> _What the task requires_
What's needed is an exact copy of all the data below, without pictures.

> _Dataset content_
-.-.-

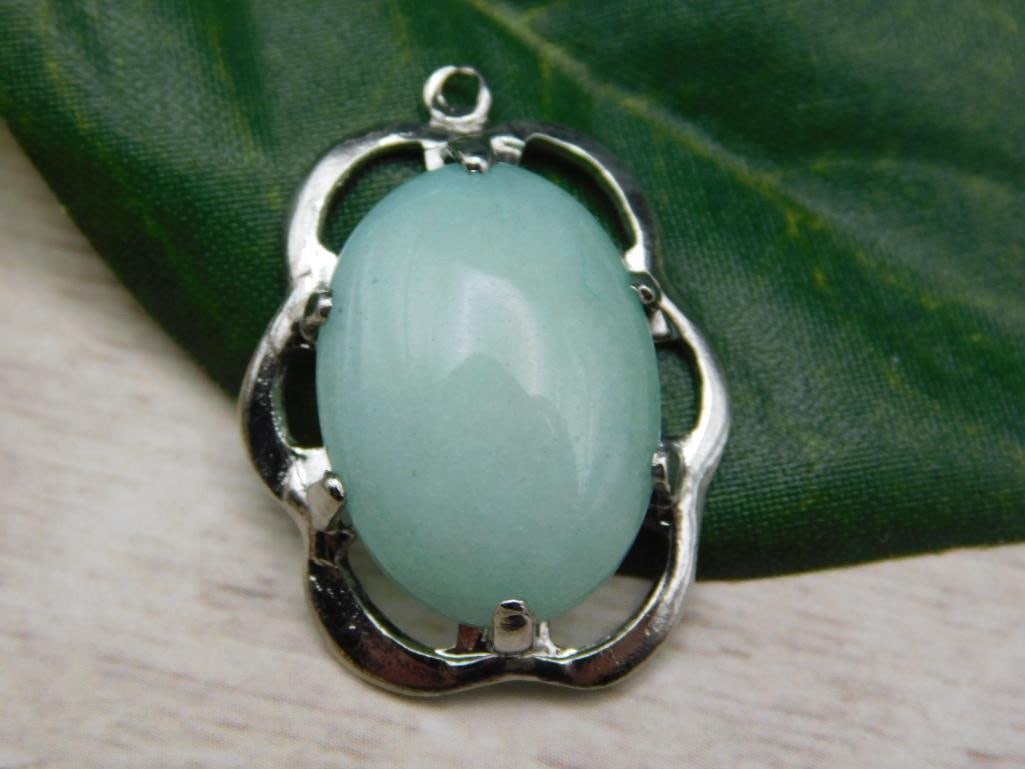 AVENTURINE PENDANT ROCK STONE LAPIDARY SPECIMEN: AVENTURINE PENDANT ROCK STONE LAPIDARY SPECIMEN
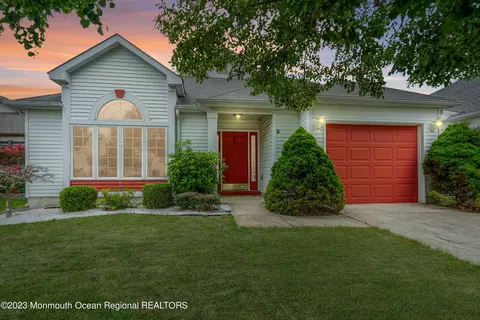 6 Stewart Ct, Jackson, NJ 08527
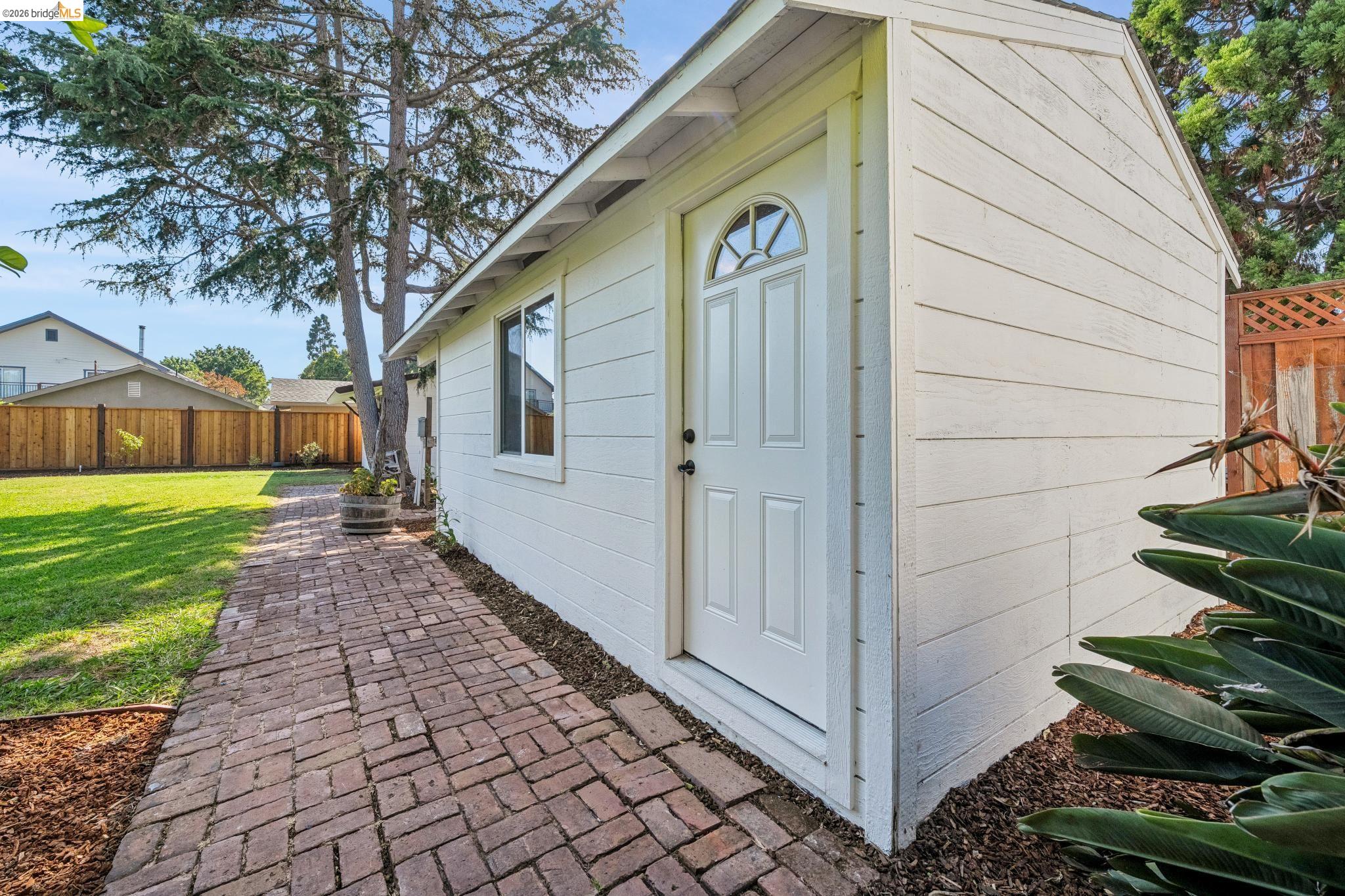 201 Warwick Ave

-.-.-

> _Solution below_
 AVENTURINE PENDANT ROCK STONE LAPIDARY SPECIMEN: AVENTURINE PENDANT ROCK STONE LAPIDARY SPECIMEN
 6 Stewart Ct, Jackson, NJ 08527
 201 Warwick Ave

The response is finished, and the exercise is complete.